But is it worth it? I think so, the river is the most amazing place on earth no matter where it is, the experience is unmatched and nothing else comes close. 
A friend of mine and myself were talking last year after running a heavily trafficked class V run when we started talking about our friend who had died kayaking a couple years ago. We asked, would he still want us paddling the hard stuff? We paused and thought about it, and the answer was a unanimous HELL YEAH. 
I think that those who we have lost to the river want us to keep paddling, keep pushing ourselves and getting after it, they did not get the chance, so it is our duty to fire it up even harder. I know my opinion may change over time as my life evolves, but until then I will paddle even harder and have as much fun as I can while I am out there. 
My deepest sympathies to those who have lost their loved ones now and times past, but as those of us left behind we need to keep charging and live the lives we are so fortunate to experience


----------



## eastcreek (Feb 27, 2006)

The game does change. The great thing is, that's not bad. Kids change how we do lots of things. Just one step in our adulthood

Our kids have been on the water since they were 2 (now 15 and 12). We choose our boating partners, rivers, trips and flows carefully. We would rather have our kids being kids on the San Juan for a week than too scared because of a big swim or flip to ever go again. Frankly, the same holds for me. 

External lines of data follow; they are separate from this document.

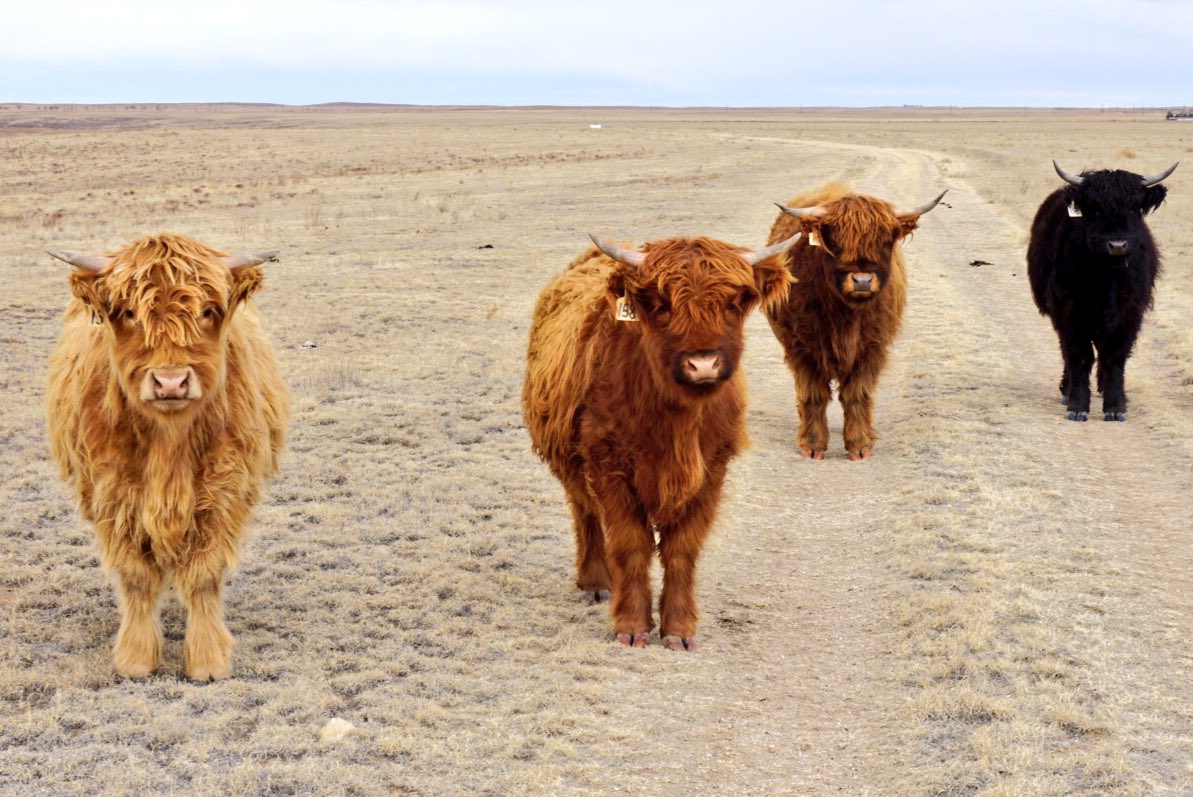 Meet Anna, Elsa, Liberty Bell and Onyx, these Scottish Highland Heifers stole our hearts this wknd!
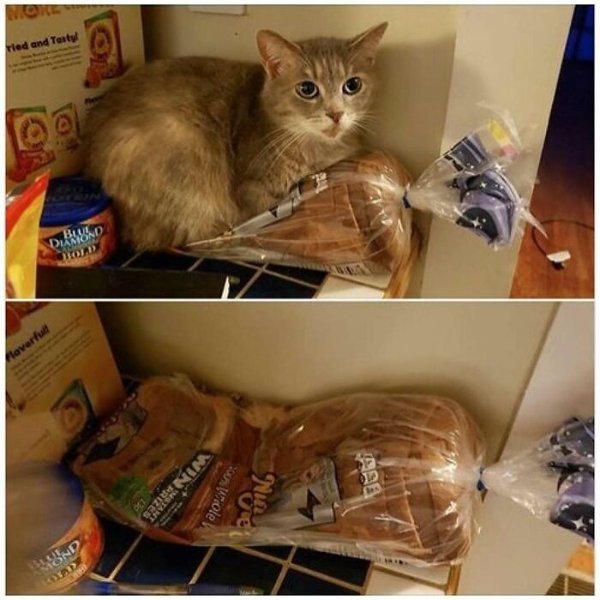 Photos For Cats Lovers (36 pics)
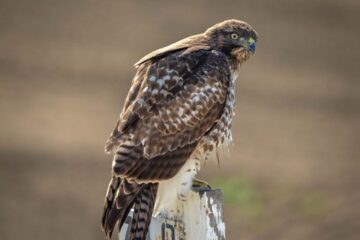10 Types of Hawks in Louisiana (With Pictures and Identification)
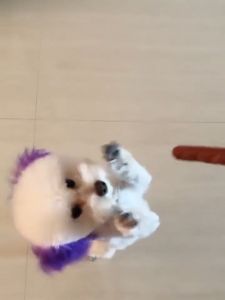 ขนมสุนัข ขนมสุนัขขัดฟัน แถบเนื้อขนมสุนัข 500g/ถุง โปรตีนสูง ไขมันต่ำ หมาชอบกิน อาหารสุนัข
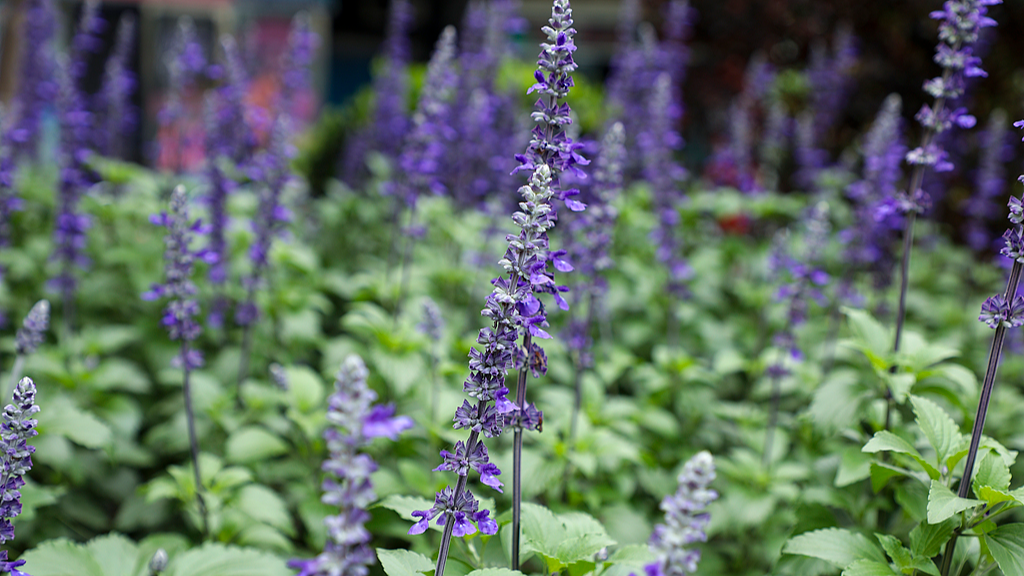Two new sage species discovered in China's Hengduan Mountains
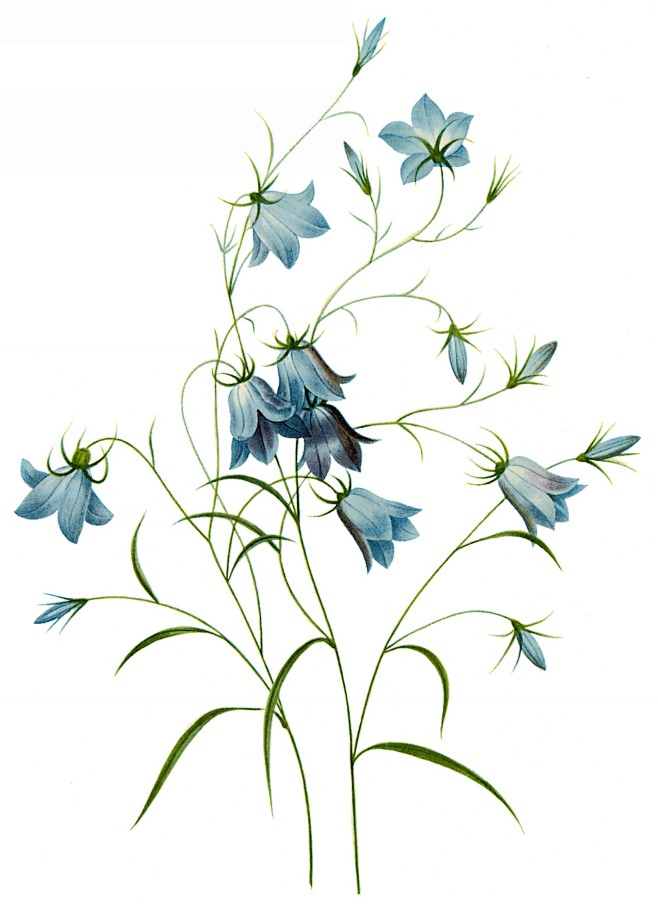 国外手绘植物花朵大全图片_1589x22...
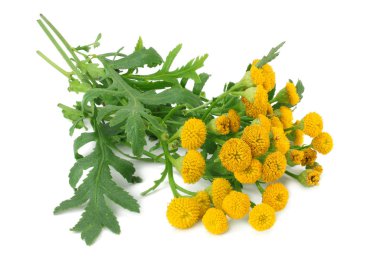 Tansy (Tanasetum Vulgare) çiçekleri beyaz arka planda izole edilmiştir. Bir demet tansi çiçek. 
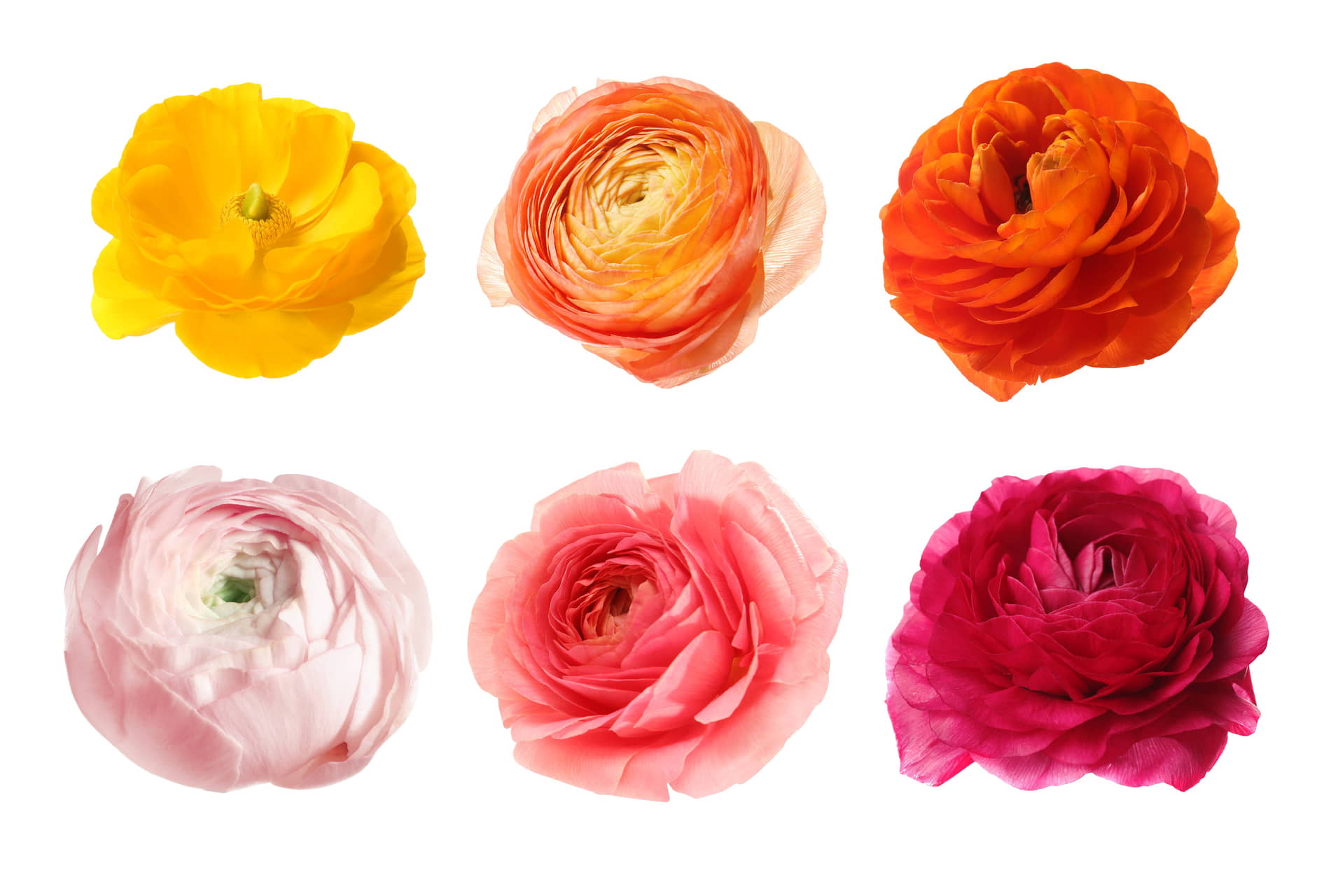 Ranunculus iskerník plnokvetý   jedinečný vzhľad a farebnosť
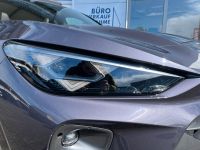 Cupra Terramar VZ 2.0 TSI DSG 4Drive LEDER AHK 5J GAR bei Autohaus Landmann & Maier OHG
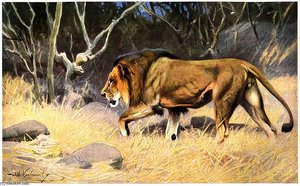 Lion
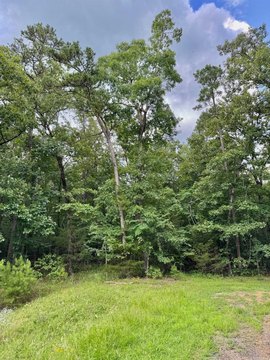 LAND - Heber Springs, AR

They will have lots of time to do BIG water and take more risks after gleaning decision making skills from us and those who are wise on the water. Whether self rescue skills are critical to those decisions....accidents happen. Self rescue will help but may not make a difference.

We want to have our kids love the river as much as we do. Its far better to boat as a family (yes even with teens) than to not know what they are doing or thinking. Having a respect for the water, canyons, and other boaters is what is important.

Its ok to say, class IIIs and IIs are exciting. We want to boat for a really long time, we want to be relaxed and have a great time, we want to be with our kids and want them to be with us. 

Our kids can decide what's cool later on. Right now we are "cool" and our kids are already planning our next year's trip down the San Juan and Deso. I think that's what is important.

Having just gotten off the San Juan over Solstice and seeing 10 kids (ages 9-15) in IKs and paddling the rafts, packing boats, setting camp, scouting "rapids", was wonderful. They saw us being kids also. They shared the river with us, talked with us, and we let them be kids. 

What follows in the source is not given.